Nigerian Army Searching for Killers of at Least 140 Villagers Killed Amid Rising Conflict Between Muslims and Christians
‘It has been a very terrifying Christmas for us here in Plateau,’ says the governor of a largely Christian district in Africa’s most populous nation.
ABUJA, Nigeria — Gunmen attacked remote villages over the weekend in north-central Nigeria’s Plateau state, killing at least 140 people, officials and survivors said Tuesday, the latest case this year of such mass killings blamed on the farmer-herder crisis in the West African nation.
The assailants targeted 17 communities in “senseless and unprovoked” attacks on Saturday and Sunday, burning down most houses in the area, Plateau’s governor, Caleb Mutfwang, said in a broadcast on the local Channels Television.
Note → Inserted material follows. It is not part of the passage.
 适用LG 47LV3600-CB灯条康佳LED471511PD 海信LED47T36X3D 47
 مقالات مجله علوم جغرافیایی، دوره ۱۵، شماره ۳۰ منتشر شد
“As I am talking to you, in Mangu local governorate alone, we buried 15 people. As of this morning, in Bokkos, we are counting not less than 100 corpses. I am yet to take stock of (the deaths in) Barkin Ladi,” Mr. Mutfwan said. “It has been a very terrifying Christmas for us here in Plateau.”
Amnesty International’s Nigeria office told the Associated Press that it has so far confirmed 140 deaths in the Christian-dominated Bokkos and Barkin-Ladi areas of Plateau, based on data compiled by its workers on the ground and from local officials. There were fears of a higher death toll as some people remained unaccounted for.
Some of the locals said that it took more than 12 hours before security agencies responded to their call for help, a claim the AP couldn’t independently verify, but which echoes past concerns about slow interventions in Nigeria‘s deadly security crisis, which has killed hundreds this year, including in Plateau.
“I called security but they never came. The ambush started 6 in the evening but security reached our place by 7 in the morning,” said a youth leader at Bokkos, Sunday Dawum. At least 27 people were killed at his village, Mbom Mbaru, including his brother, he said.
No group took responsibility for the attacks though blame fell on herders from the Fulani tribe, who have been accused of carrying out such mass killings across the northwest and central regions where the decades-long conflict over access to land and water has further worsened the sectarian division between Christians and Muslims in Africa’s most populous nation.